RECORDS FOR THE TASK »
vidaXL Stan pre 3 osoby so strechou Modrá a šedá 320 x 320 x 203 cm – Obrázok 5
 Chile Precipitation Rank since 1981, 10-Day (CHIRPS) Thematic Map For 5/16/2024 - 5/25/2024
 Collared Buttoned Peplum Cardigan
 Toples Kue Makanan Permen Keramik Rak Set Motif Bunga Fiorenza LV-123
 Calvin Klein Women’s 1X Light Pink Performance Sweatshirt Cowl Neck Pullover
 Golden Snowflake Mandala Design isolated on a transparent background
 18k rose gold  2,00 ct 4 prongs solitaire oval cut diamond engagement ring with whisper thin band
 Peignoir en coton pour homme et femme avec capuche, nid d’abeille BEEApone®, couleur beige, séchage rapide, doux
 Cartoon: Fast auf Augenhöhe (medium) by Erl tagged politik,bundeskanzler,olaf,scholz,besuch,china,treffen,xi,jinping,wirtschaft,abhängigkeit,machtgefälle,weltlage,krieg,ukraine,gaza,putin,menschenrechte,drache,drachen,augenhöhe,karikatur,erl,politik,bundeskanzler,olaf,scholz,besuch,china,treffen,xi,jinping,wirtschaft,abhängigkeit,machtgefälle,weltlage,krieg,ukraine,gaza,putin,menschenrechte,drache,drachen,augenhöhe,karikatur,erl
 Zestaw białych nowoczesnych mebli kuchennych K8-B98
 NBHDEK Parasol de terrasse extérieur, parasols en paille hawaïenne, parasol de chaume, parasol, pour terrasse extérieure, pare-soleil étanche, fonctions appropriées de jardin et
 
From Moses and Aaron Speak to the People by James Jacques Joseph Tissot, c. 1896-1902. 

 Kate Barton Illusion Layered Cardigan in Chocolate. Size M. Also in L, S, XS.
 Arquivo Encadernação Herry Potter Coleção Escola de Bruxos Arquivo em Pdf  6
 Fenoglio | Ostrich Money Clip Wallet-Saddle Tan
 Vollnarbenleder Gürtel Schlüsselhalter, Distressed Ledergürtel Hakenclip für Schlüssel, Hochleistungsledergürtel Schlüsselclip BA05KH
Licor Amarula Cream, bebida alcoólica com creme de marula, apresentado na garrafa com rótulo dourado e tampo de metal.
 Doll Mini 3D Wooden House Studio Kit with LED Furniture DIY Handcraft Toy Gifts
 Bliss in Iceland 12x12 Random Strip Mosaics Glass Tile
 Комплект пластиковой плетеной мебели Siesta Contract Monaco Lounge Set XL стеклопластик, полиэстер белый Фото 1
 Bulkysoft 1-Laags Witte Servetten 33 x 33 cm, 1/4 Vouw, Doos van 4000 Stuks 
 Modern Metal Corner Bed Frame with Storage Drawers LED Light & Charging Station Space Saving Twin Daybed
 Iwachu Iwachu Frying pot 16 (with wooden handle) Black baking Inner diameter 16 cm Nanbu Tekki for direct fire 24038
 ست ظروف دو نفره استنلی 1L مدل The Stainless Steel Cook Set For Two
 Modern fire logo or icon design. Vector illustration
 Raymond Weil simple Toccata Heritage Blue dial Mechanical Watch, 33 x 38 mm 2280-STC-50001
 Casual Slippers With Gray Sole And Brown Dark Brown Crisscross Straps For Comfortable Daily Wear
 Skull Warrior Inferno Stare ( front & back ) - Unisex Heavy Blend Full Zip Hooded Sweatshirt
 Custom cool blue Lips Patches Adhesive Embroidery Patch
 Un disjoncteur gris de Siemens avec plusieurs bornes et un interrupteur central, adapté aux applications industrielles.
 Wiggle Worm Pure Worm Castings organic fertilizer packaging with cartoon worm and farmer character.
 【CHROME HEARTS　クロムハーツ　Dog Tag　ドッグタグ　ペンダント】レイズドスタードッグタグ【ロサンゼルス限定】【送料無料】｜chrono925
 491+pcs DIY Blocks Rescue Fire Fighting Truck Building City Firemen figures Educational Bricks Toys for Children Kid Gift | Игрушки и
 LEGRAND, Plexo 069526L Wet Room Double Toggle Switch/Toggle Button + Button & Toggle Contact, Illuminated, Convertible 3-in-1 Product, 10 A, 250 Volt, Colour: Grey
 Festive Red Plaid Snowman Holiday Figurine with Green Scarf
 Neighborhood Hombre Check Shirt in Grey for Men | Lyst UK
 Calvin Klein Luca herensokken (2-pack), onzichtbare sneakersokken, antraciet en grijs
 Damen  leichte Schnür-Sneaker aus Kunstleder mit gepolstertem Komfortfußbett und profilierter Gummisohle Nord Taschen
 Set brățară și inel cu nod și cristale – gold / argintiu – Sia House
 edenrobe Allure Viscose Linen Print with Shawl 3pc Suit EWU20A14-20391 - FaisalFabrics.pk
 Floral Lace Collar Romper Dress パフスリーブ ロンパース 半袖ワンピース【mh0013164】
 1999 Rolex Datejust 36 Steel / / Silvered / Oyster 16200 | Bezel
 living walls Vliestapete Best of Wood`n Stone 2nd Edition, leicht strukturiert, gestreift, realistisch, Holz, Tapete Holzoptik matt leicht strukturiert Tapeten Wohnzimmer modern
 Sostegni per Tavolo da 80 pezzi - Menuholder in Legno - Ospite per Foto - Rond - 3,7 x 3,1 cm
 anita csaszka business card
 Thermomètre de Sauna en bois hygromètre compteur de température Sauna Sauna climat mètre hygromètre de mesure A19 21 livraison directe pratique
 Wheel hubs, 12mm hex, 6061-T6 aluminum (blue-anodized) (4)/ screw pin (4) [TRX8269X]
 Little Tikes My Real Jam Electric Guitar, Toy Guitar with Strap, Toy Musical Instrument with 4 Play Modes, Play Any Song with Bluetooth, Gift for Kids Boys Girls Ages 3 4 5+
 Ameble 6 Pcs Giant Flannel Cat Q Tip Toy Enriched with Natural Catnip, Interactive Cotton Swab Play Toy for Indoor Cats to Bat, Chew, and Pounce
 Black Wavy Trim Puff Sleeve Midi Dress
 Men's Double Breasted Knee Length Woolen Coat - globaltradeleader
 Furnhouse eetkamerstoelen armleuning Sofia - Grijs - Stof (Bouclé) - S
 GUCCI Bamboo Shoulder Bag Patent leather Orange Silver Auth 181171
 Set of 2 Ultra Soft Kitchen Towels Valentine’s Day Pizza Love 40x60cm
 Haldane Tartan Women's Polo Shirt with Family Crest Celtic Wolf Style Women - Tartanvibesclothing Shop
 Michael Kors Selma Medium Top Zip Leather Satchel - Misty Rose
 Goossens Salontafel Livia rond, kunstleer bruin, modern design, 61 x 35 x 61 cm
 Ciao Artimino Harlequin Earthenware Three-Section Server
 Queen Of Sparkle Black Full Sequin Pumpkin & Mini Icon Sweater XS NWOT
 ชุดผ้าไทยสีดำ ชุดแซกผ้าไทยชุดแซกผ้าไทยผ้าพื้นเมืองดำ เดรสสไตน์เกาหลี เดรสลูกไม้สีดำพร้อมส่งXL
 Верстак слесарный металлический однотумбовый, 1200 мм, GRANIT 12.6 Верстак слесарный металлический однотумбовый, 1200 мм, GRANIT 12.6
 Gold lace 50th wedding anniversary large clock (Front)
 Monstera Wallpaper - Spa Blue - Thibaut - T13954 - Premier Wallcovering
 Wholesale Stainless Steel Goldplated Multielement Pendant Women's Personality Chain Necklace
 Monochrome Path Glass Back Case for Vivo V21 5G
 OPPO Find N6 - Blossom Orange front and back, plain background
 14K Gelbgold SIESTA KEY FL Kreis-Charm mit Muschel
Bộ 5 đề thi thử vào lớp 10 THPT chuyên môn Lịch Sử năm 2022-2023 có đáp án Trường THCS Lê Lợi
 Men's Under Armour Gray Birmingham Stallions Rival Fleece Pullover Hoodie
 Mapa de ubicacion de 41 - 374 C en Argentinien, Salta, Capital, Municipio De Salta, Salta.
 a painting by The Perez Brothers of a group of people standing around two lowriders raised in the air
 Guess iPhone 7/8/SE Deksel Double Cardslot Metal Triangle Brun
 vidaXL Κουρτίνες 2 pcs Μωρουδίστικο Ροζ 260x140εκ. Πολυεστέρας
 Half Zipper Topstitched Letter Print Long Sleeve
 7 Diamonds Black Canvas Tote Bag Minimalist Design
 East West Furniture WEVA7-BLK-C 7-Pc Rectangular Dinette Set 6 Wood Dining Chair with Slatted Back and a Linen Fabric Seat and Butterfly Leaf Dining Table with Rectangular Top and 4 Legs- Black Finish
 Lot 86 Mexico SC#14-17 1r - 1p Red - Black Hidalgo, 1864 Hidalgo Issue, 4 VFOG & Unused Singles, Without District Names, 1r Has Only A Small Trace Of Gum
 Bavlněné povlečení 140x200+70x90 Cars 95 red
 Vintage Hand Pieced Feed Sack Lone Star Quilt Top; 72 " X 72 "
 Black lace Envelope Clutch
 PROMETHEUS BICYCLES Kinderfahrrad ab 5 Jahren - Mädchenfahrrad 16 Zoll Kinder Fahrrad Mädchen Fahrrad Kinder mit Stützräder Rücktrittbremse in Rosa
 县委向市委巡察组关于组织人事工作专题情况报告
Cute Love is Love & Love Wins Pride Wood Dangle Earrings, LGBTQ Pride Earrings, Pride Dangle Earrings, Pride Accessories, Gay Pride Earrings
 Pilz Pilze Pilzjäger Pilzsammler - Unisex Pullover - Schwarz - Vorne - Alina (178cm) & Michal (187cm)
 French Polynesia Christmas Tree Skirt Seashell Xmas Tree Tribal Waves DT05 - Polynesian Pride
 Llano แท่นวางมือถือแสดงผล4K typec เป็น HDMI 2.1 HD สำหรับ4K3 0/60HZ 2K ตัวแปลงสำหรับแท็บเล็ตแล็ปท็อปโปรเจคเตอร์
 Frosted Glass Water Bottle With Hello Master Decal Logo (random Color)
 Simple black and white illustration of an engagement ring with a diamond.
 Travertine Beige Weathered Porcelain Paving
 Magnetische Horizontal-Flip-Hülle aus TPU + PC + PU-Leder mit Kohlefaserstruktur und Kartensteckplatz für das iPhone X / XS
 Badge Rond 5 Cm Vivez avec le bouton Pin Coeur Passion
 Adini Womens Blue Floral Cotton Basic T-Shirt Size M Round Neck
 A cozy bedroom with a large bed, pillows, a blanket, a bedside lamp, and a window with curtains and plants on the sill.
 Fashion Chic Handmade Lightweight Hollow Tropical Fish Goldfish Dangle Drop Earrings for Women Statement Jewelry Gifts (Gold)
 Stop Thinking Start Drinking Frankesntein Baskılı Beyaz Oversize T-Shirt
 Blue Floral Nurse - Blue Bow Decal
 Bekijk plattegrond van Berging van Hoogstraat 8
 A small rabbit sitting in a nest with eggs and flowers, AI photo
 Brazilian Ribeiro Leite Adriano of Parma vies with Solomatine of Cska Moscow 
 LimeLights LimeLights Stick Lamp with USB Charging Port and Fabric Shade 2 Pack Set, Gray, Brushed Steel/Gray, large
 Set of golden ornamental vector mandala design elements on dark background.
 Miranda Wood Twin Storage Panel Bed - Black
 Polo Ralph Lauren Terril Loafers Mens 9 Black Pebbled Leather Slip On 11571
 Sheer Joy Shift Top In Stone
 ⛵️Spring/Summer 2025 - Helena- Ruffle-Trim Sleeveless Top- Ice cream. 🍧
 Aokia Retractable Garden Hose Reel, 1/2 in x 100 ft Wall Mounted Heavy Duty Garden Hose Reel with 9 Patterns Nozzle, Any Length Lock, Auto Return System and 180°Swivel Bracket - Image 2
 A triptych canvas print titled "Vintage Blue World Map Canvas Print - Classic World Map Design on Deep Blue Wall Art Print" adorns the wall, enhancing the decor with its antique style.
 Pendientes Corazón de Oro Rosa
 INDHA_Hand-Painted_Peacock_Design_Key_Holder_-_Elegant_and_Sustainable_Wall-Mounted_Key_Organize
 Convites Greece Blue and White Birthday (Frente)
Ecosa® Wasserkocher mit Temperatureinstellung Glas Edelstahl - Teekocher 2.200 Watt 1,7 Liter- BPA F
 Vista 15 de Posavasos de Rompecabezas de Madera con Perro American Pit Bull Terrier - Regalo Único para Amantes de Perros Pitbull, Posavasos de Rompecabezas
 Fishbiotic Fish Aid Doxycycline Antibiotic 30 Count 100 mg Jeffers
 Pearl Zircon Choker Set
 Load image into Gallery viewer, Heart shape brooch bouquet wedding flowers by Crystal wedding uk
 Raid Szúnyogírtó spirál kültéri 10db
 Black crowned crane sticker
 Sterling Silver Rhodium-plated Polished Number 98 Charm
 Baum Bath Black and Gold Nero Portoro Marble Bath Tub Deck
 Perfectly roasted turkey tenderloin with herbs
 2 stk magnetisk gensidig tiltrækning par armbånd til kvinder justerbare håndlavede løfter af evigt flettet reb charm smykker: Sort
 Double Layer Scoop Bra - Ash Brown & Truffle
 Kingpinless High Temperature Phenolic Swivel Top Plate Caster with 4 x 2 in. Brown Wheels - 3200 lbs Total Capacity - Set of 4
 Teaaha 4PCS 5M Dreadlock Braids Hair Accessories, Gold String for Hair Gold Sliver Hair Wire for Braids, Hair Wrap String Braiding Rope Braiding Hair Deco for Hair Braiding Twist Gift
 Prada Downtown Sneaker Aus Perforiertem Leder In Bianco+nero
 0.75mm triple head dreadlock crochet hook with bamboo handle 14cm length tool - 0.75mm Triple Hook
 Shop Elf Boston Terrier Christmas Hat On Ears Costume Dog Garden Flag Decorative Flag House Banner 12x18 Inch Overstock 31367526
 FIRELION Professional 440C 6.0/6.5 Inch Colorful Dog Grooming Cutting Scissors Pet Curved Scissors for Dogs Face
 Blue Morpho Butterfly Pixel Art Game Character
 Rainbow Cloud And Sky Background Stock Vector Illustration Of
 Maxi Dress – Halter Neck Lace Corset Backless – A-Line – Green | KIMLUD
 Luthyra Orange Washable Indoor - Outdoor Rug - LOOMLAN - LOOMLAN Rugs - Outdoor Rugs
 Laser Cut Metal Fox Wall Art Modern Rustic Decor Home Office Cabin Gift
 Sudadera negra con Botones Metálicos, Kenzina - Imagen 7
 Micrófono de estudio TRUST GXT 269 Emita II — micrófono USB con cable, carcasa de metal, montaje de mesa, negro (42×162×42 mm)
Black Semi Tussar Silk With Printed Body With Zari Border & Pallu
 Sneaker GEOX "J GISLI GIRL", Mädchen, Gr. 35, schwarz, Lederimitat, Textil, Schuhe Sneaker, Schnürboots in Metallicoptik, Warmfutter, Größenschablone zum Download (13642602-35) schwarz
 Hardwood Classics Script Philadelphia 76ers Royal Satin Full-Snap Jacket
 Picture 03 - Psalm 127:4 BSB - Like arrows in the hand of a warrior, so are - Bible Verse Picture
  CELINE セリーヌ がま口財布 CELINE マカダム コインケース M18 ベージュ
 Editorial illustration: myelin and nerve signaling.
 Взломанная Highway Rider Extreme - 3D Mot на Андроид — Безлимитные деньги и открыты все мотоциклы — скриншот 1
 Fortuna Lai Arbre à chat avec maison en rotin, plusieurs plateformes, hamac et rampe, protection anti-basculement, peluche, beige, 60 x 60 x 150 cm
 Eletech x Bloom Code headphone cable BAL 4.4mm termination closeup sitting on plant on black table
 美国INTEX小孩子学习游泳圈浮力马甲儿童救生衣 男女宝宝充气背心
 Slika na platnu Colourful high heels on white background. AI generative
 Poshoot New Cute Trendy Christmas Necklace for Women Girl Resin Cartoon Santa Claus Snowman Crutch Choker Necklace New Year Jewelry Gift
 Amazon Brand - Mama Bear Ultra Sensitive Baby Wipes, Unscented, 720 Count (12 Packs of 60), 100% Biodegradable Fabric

DIRECTIONS »
Determine how many lines of the entries contain the string "flowers", and reply with nothing but the number.

FINISHED EXERCISE »
2